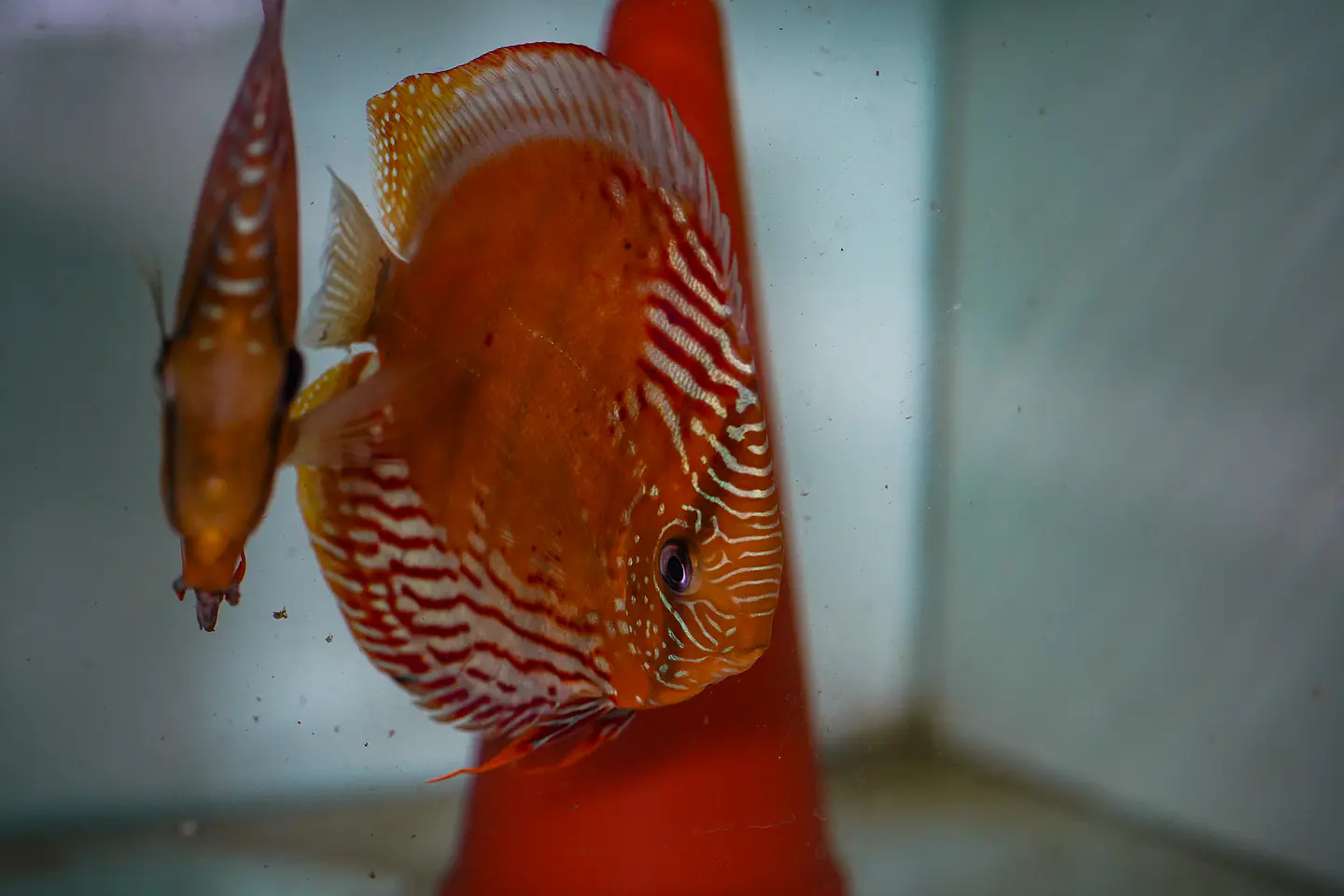 CASAL RED SOLID CUIPEUA 6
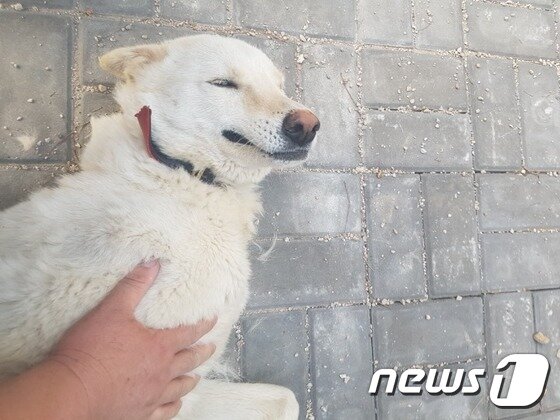 본문 이미지 - 뚱아저씨의 손길을 무척이나 좋아하는 흰돌이. ⓒ News1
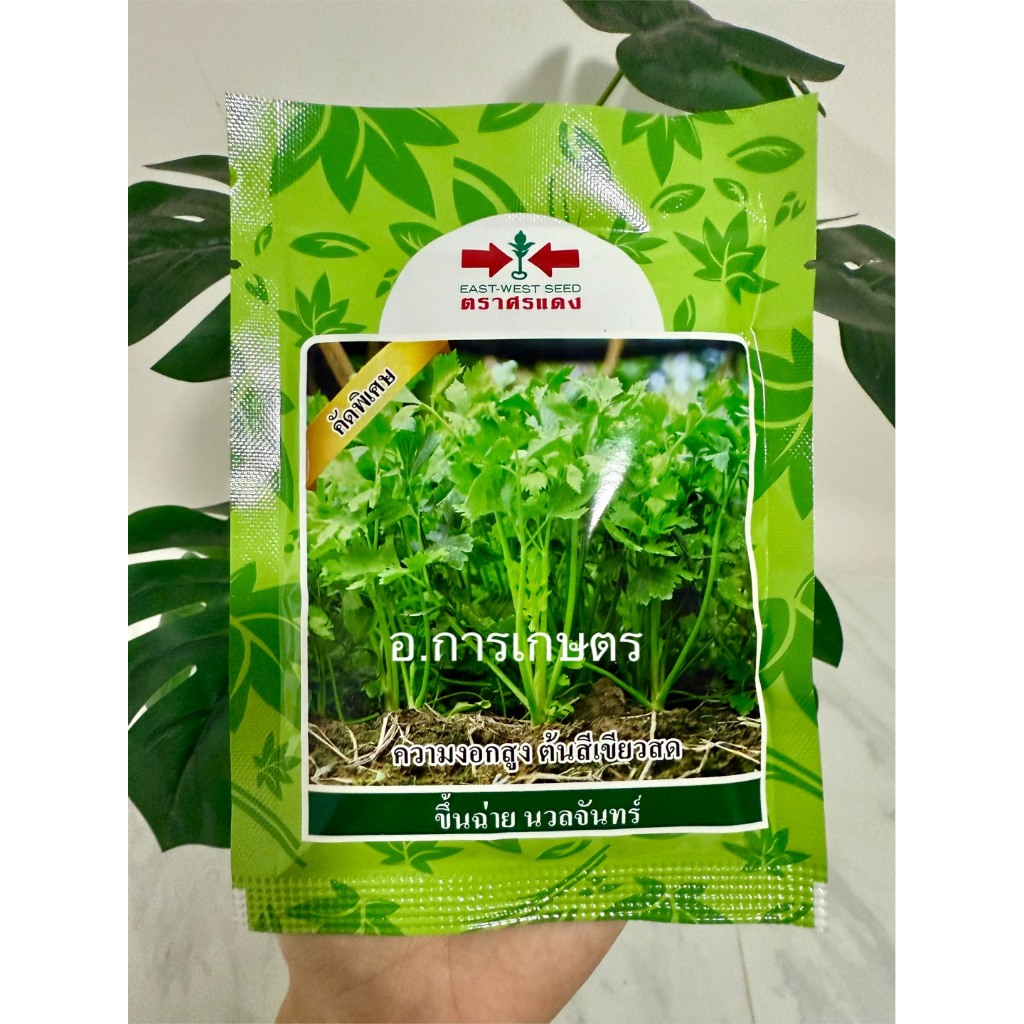 ใช้โค้ตพร้อมกันได้ขึ้นฉ่าย คื่นฉ่าย นวลจันทร์ ขนาด 50กรัม ตราศรแแดง ความงอกสูง ต้นสีเขียวสด เมล็ดผัก
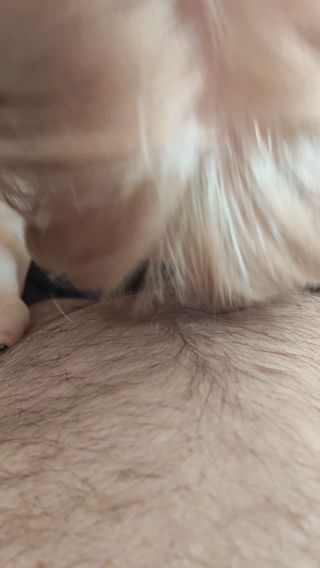 VID_20210430_155639.mp4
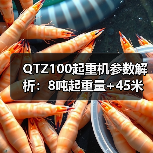 QTZ100起重机参数解析：8吨起重量+45米高度，如何提升施工效率？（图2）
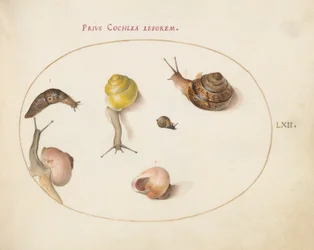 Tafel 62: Eine Schnecke mit Schnecken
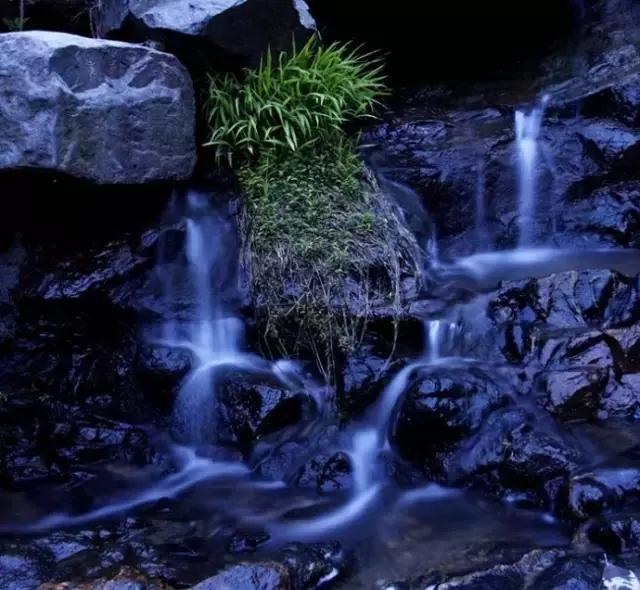 王维十首最美禅诗,诗佛王维最美的诗句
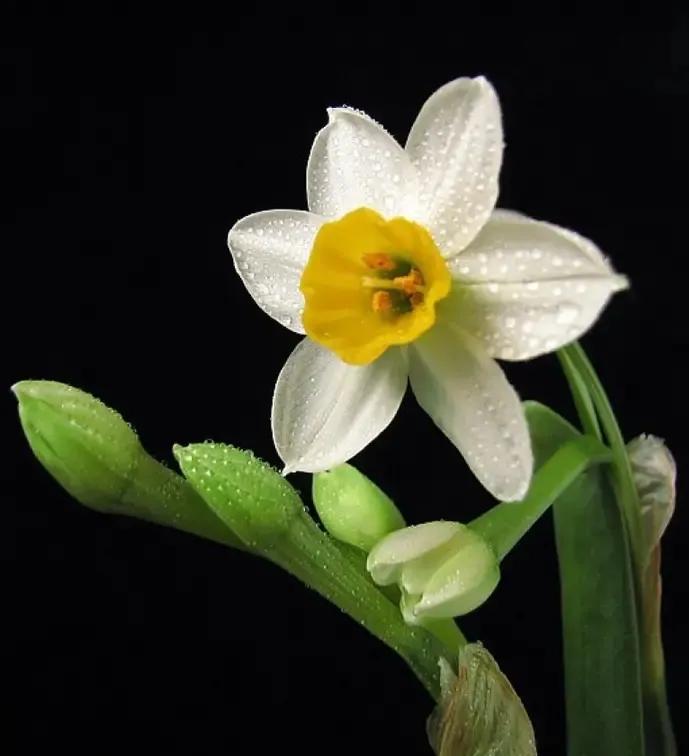 古诗词中的水仙花：飘零尘俗客再见水仙花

────────────────

Problem description ▸ Exclude the images, then output the data above word for word.

Task output ▸
 CASAL RED SOLID CUIPEUA 6
 본문 이미지 - 뚱아저씨의 손길을 무척이나 좋아하는 흰돌이. ⓒ News1
 ใช้โค้ตพร้อมกันได้ขึ้นฉ่าย คื่นฉ่าย นวลจันทร์ ขนาด 50กรัม ตราศรแแดง ความงอกสูง ต้นสีเขียวสด เมล็ดผัก
 VID_20210430_155639.mp4
 QTZ100起重机参数解析：8吨起重量+45米高度，如何提升施工效率？（图2）
 Tafel 62: Eine Schnecke mit Schnecken
 王维十首最美禅诗,诗佛王维最美的诗句
 古诗词中的水仙花：飘零尘俗客再见水仙花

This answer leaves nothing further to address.